Efficiency is a relative thing
On person's efficiency likely means more work for someone else.
Efficiency is a double-edged words. It sounds good because who doesn’t want to be more efficient. But often there are hidden agendas swathed in efficiency that actually are neither efficient nor helpful.
I’m not sure if you know this but there is a program where you get certified in efficiency. The first time I heard a colleague refer to someone as a Lean Six Sigma Black Belt, I thought he was having a stroke.
Here’s what Google says about the Six Sigma program.
Six Sigma certification is a professional credential verifying knowledge of data-driven methods to reduce process defects, variation, and waste. It uses DMAIC (Define, Measure, Analyze, Improve, Control) tools to improve quality and efficiency across industries like manufacturing, healthcare, and finance.
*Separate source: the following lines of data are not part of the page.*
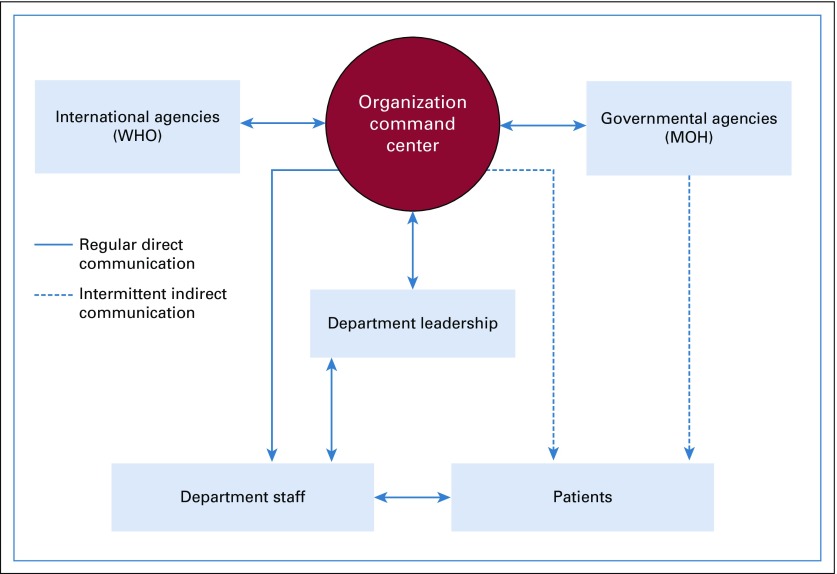 FIG 1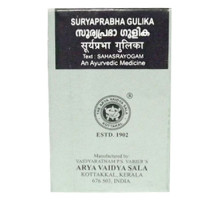 Suryaprabha gulika, 100 药片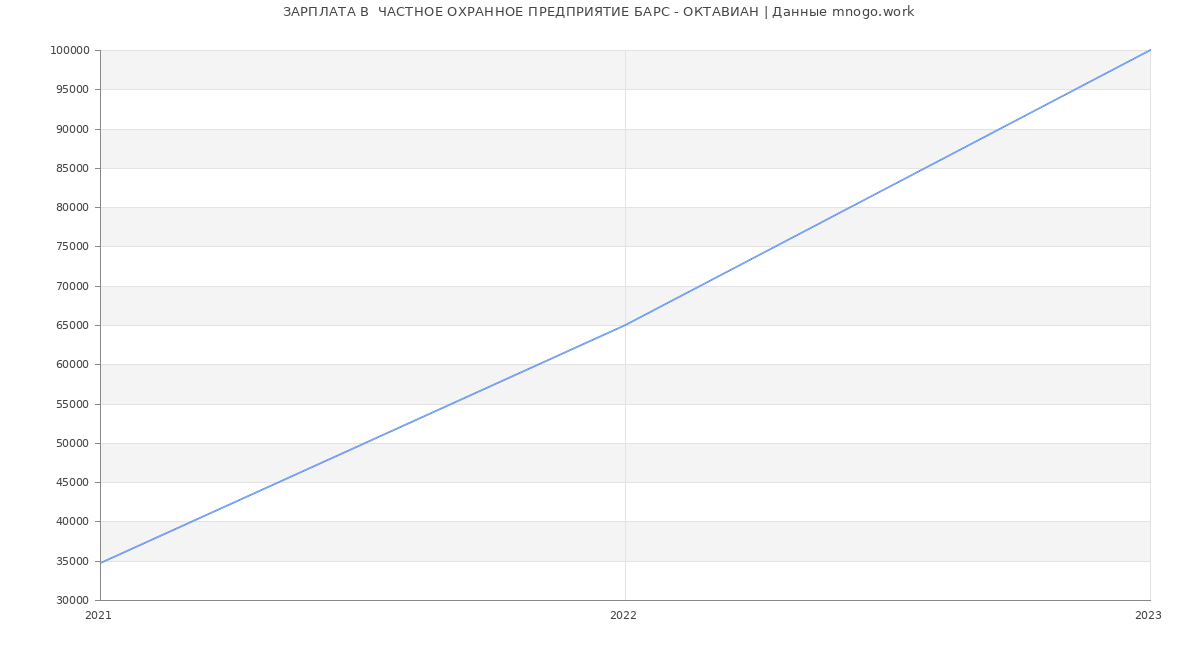 Статистика зарплат  ЧАСТНОЕ ОХРАННОЕ ПРЕДПРИЯТИЕ БАРС - ОКТАВИАН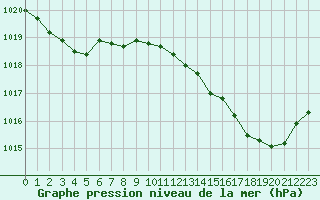 Courbe de la pression atmosphrique pour Grardmer (88)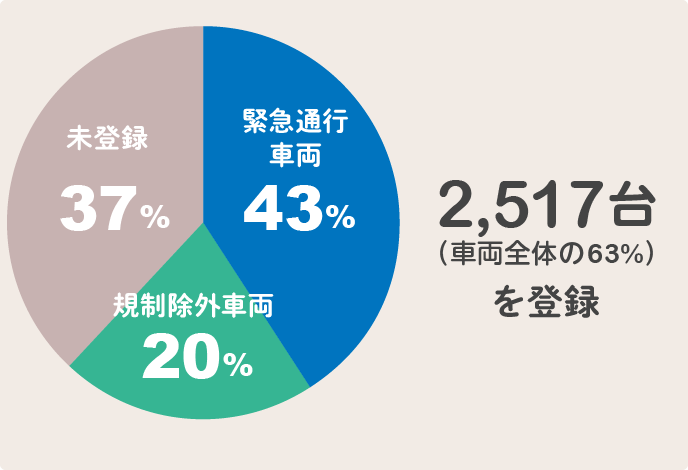 緊急通行車両の登録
Certification is structured by “belt” levels—White, Yellow, Green, Black, and Master Black Belt—indicating increasing expertise in statistical analysis and project leadership. [There is an add on that is] often combined as “Lean Six Sigma,” which merges waste reduction (Lean) with defect reduction (Six Sigma).
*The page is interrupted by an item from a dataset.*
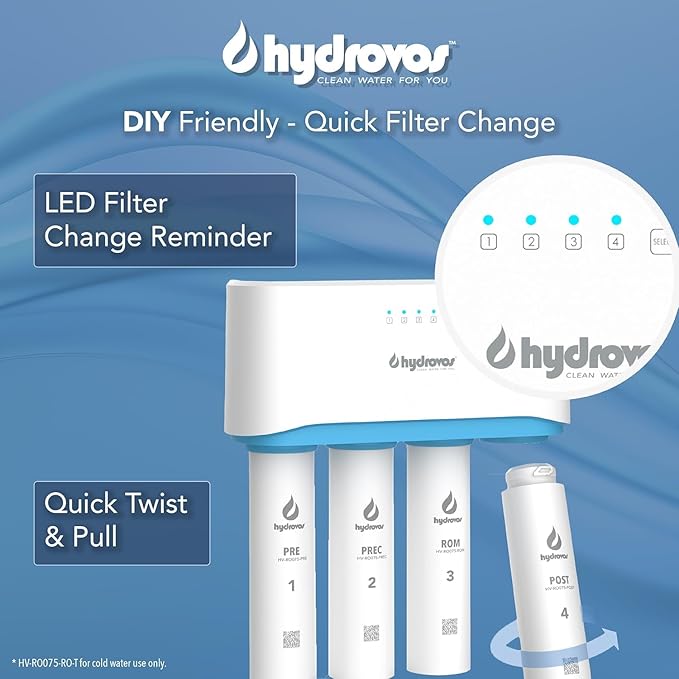 HV-RO075-ROM Water Filter, RO Replacement Cartridge #3 for HYDROVOS 75 GPD Reverse Osmosis System, Easy DIY Filter Changes, 2-Year Lifetime, Pack of 1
Clearly, I don’t know anything about this program though I imagine they teach you to chop out waste, kick down barriers to efficiency, and block opposition to improvement. This also reminded me of my own approach to dealing with problems (or assessment) that I told you about before. In my approach the practitioner Formulates the question that needs to be addressed, Understands the problems associated with that question, builds Consensus among the team on how to address the problems, and the final phase is Knowledge Utilization to solve the problem. I called this the FUCKU approach. It works here too. I am a Lean Mu Kappa Black Belt in FUCKU.
I’m sure in a lot of administrative structures, a Six Sigma black belt is useful to make things better. It’s just that at a university you see too many examples where they say they are reducing inefficiency but end up creating new inefficiencies that they ignore. And the new inefficiencies are never to the staff’s benefit. For example, a university might reduce inefficiency and waste by saying that they will no longer supply computer program X because only 200 people at the university use it. But those 200 people really need it, so they need to organize buying it on their own. The efficiency at the institution level is just shifting work and cost to another unit. Similarly, the charge to consolidate department admin structures rarely reduces people and usually creates more problems in trying to standardize everyone and make them fit into the cookie-cutter mold
And then there’s the Department of Government Efficiency. A lie wrapped in an acronym disguising a deliberate effort to destroy NIH. My fellow Substacker Elizabeth Ginexi did a nice job of summarizing the multi-pronged and ongoing attack against NIH in her latest post.
In case you missed it, an article in last week’s Nature showed how disbursements of awards is trickling compared to previous years. In the graphs below showing the first five months of the fiscal year. You can see fiscal years ’22, ’23, and ’24, when we used to have a functioning government, look very similar. FY25 started out similarly, but then abruptly halted at the end of January when you know what happened. But FY26? That’s a pretty big decrease. It seems like there’s some new inefficiencies that need to be chopped out. Unless….do you think this is maybe intentional?
Stay safe out there and in the event they activate the draft, I know a guy in Canada.